The iPhone Antennagate is, for most intents and purposes, over. Apple's free-case quick fix for the problem tamped down consumer anger -- and Apple's great earnings report blasted its problems off the front page. Analysts predict the issue won't materially affect the company's next financial reports.
The long-term impacts of the problem are less clear. Will unforeseen negative repercussions emerge in the future? Did Antennagate cause some kind of fundamental shift in Apple's relationship with its core fans?

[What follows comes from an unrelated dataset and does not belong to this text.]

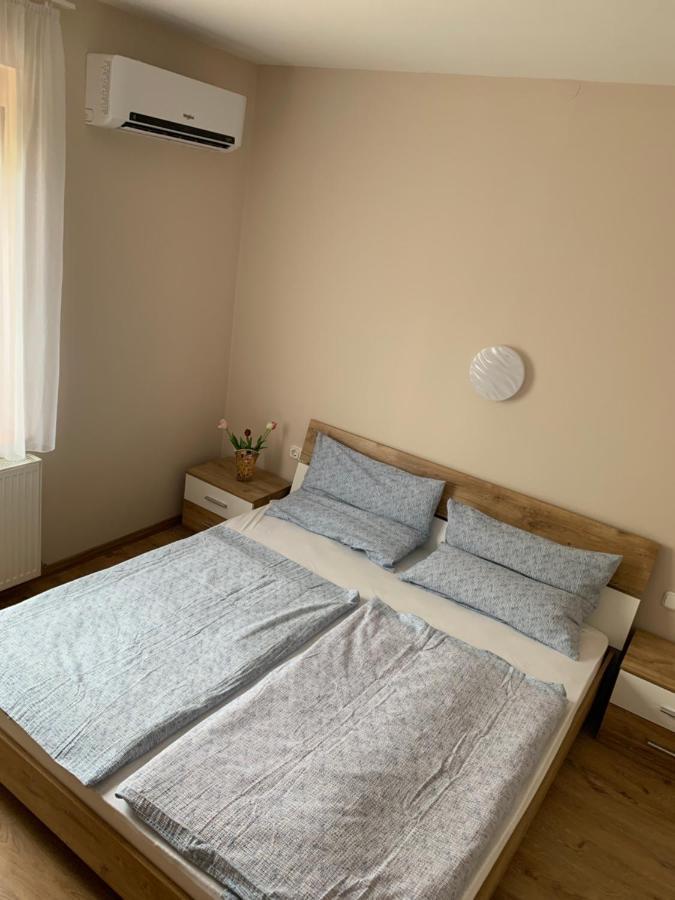 Zsuzsa Apartman ไฮจ์ดุสโซบอสโล ภายนอก รูปภาพ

There are scholars who study Apple's consumers as religious devotees. Consumer behavior specialists Russell Belk of York University and Gulnur Tumbat of San Francisco State, even put together a framework for assessing Apple's mystical mythology. The company was built on four key myths, they argued.
Here are the four narratives, as summarized by media scholar Texas A&M's Heidi Campbell, who distilled their work for her May paper "How the iPhone became divine":
- a creation myth highlighting the counter-cultural origin and emergence of the Apple Mac as a transformative moment;
- a hero myth presenting the Mac and its founder Jobs as saving its users from the corporate domination of the PC world;
- a satanic myth that presents Bill Gates as the enemy of Mac loyalists;
- and, finally, a resurrection myth of Jobs returning to save the failing company...
The stories they identified aren't myths in the sense that they aren't true, but more in the Joseph Campbell sense of being a story that helps people make sense of their relationship with the world. These ideas are where consumers attach to attachment Apple, so we thought it would make sense to see whether what happened during the affair could undermine any of these key beliefs.